- ABOUT THIS EXERCISE:
Give back exactly the lines from the start of the entries below to the line holding "In this tutorial, we're", that line included, and leave every picture out.

- Dataset entries:
- - -

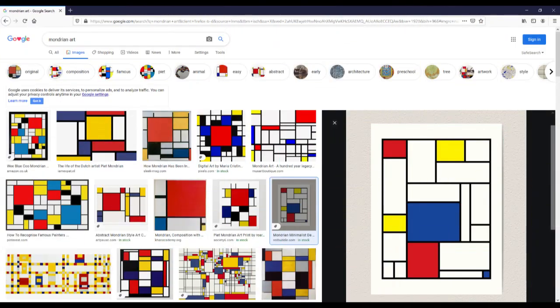Hello and welcome to an ICT video tutorial. Today we're going to use a paint software to create Mondrian art. Now on the screen here are some examples of Mondrian art and this is what we're going to be creating.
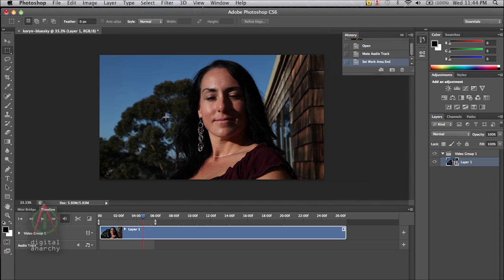In this tutorial, we're going to talk about using our filters on video. And specifically, we're going to talk about using TuneIt, which is something that lends itself very well to video in Photoshop.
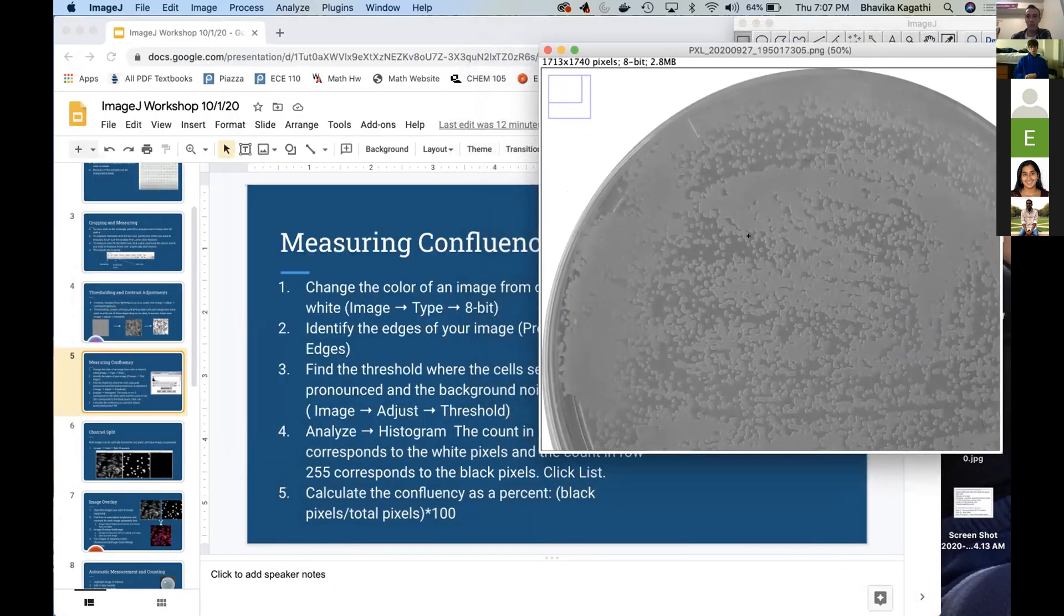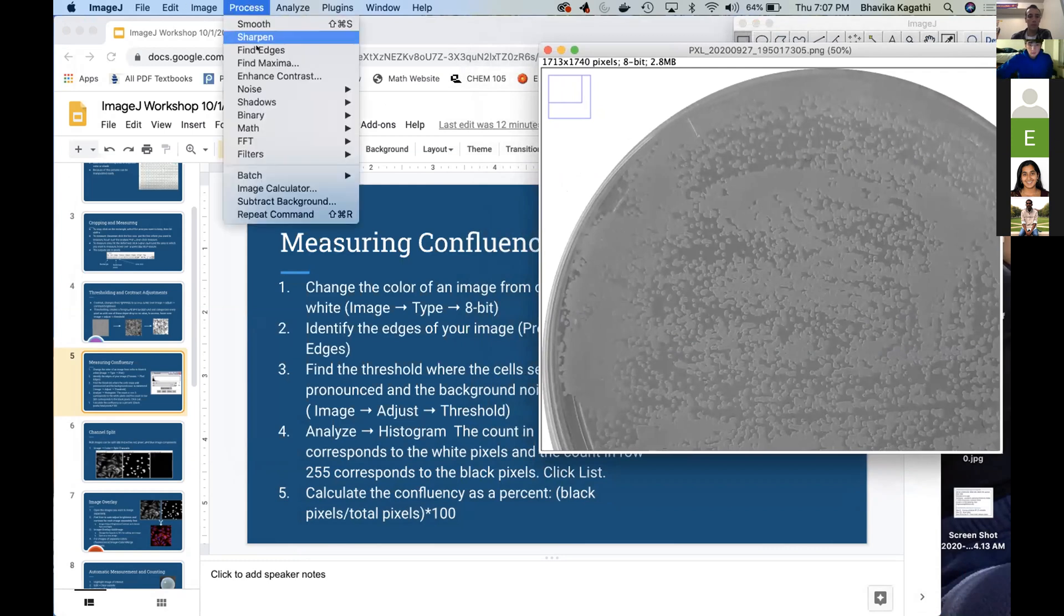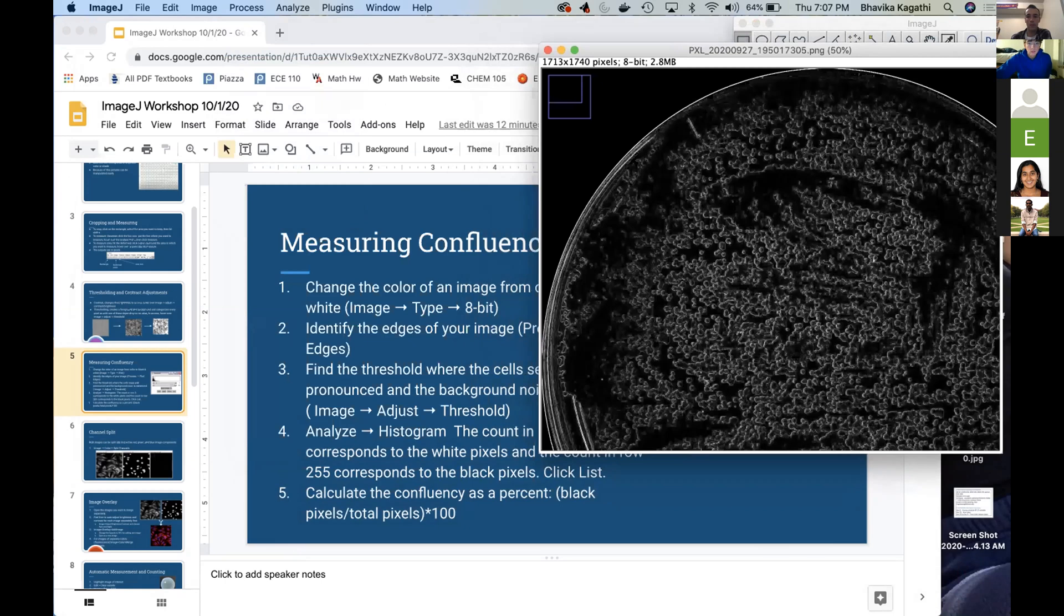And then you want to identify the edges of your image. So you're going to go to Process and then Find Edges. And so here you'll see that it highlights the outside of the plate. So that's how you know it's selecting just the part you want.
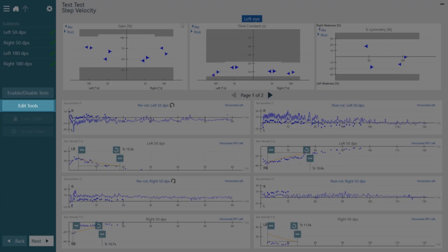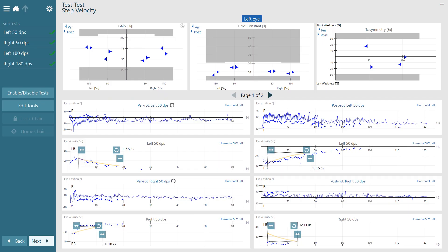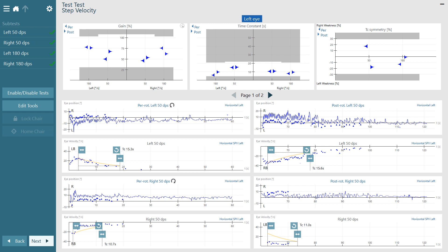Edits can be made to the nystagmus recorded using the edits tools tab, and the time constant for each condition can also be adjusted by moving the slider. This is to suit the needs of different clinics and different normative data.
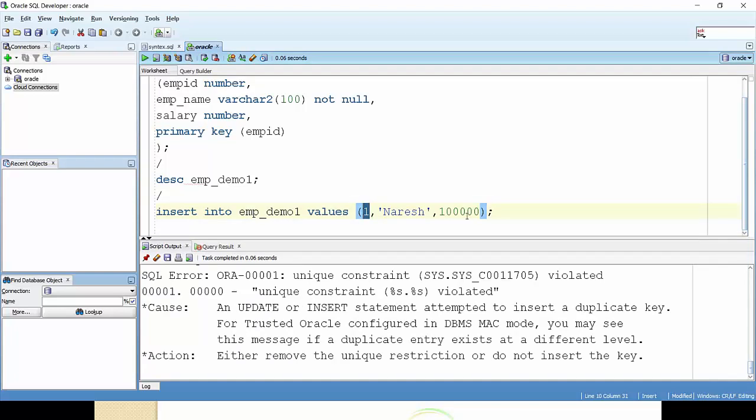Suppose I'm changing this as 2 and I'm keeping this one as it is. That time I am able to insert. Okay, one row inserted. You can see here.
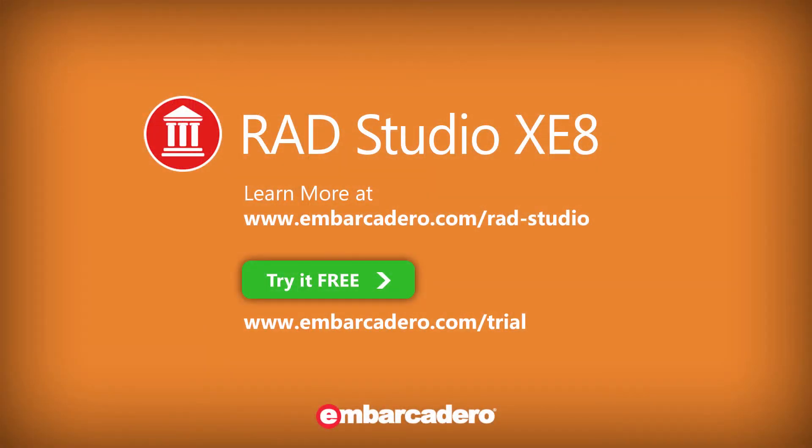This has been a brief overview of using IBLite with FireDAC for your mobile application development.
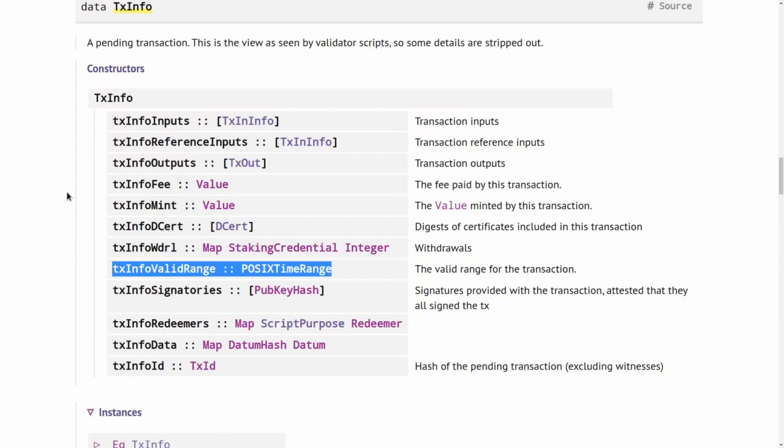So that is something to keep in mind. You can't specify arbitrary time ranges there in the transaction interval. It must only be at most 36 hours in the future. Or it can be indefinite, so for all eternity that's also fine.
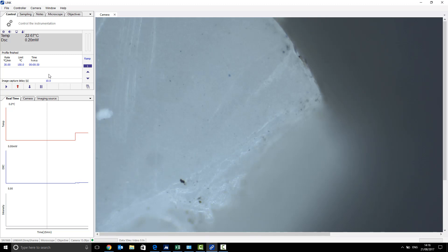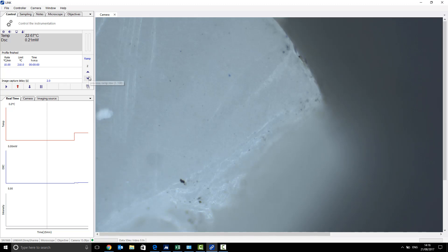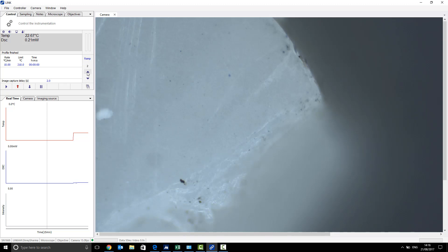This is because our desired temperature range for this sample will be, for example, let's say from 150 to 210. So the first ramp will only take you to your desired, to the start of your desired temperature range, and that's when it will start recording. So your recorded data will be from ramp two and three and four and so on.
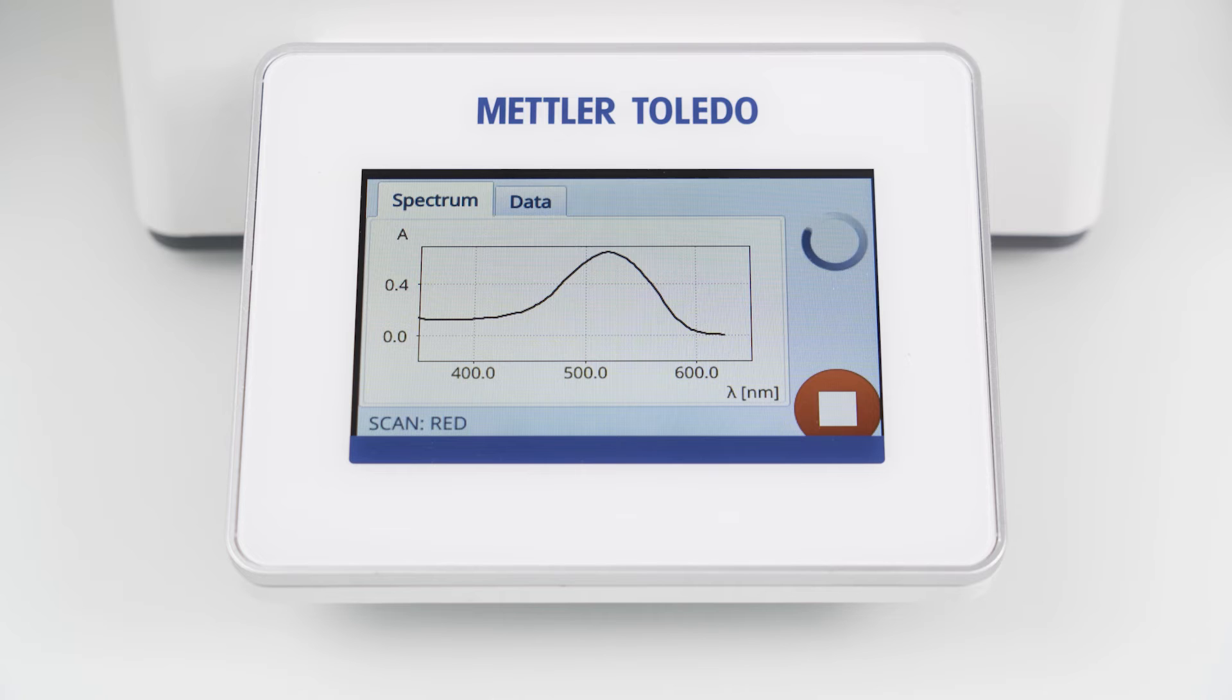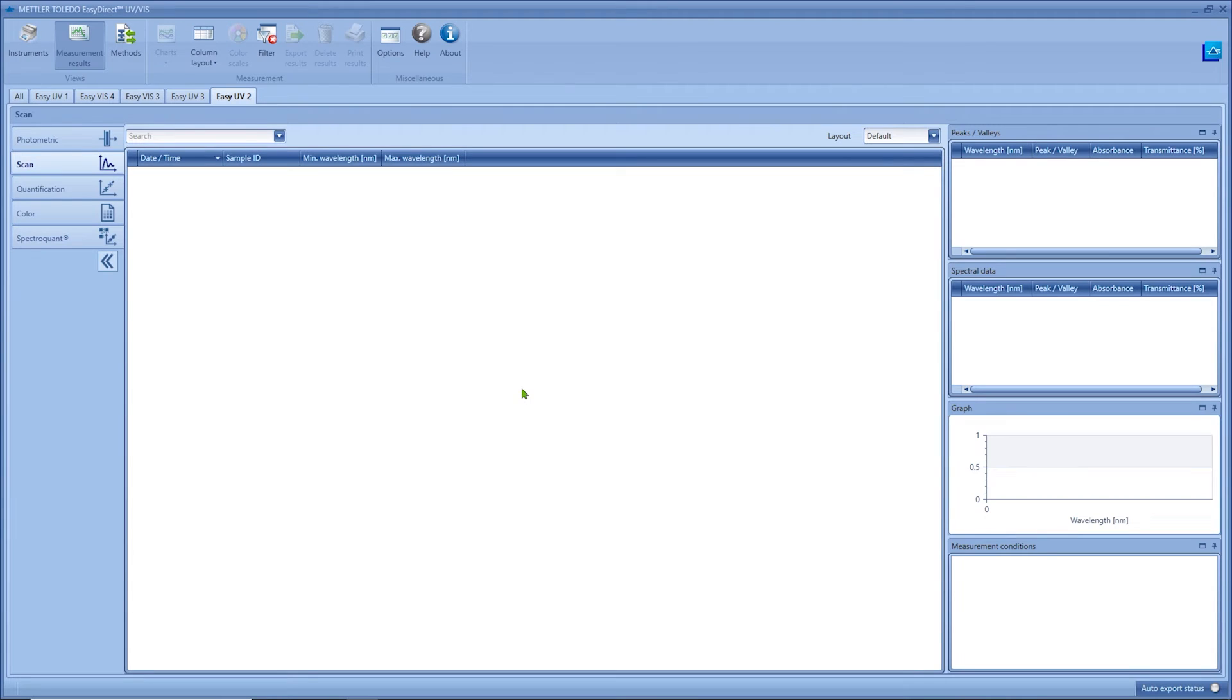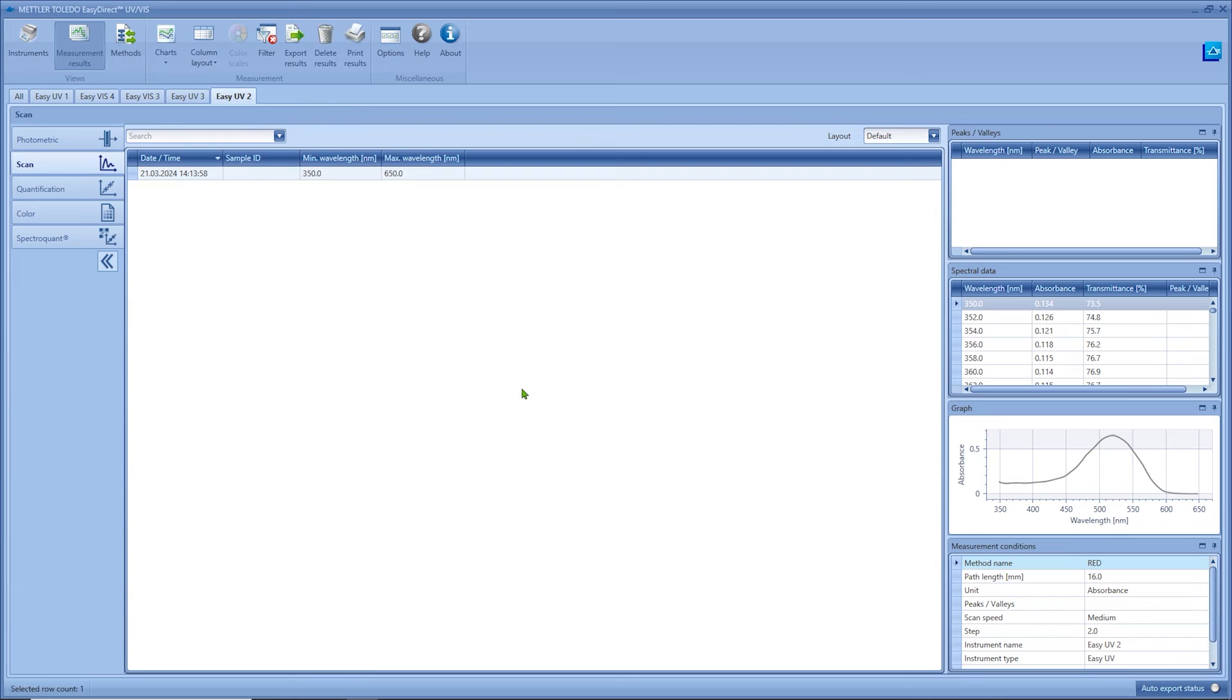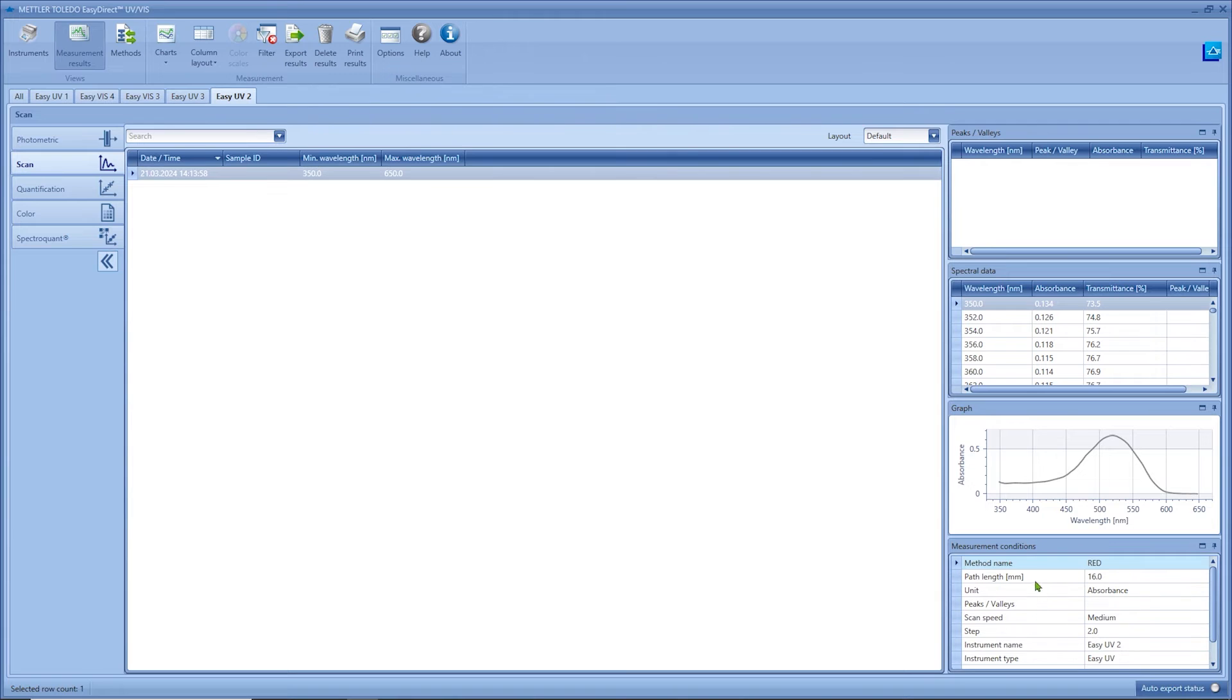As soon as the spectrum scan is finished we can find new entry in the result lists of the EZ Direct UV-VIS PC software. If we select the measurement category scan we can find our result and on the right hand side a list of peaks and valleys, the spectrum itself and some additional information.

- - -

- SOLUTION TO THIS TASK:
Hello and welcome to an ICT video tutorial. Today we're going to use a paint software to create Mondrian art. Now on the screen here are some examples of Mondrian art and this is what we're going to be creating.
In this tutorial, we're going to talk about using our filters on video. And specifically, we're going to talk about using TuneIt, which is something that lends itself very well to video in Photoshop.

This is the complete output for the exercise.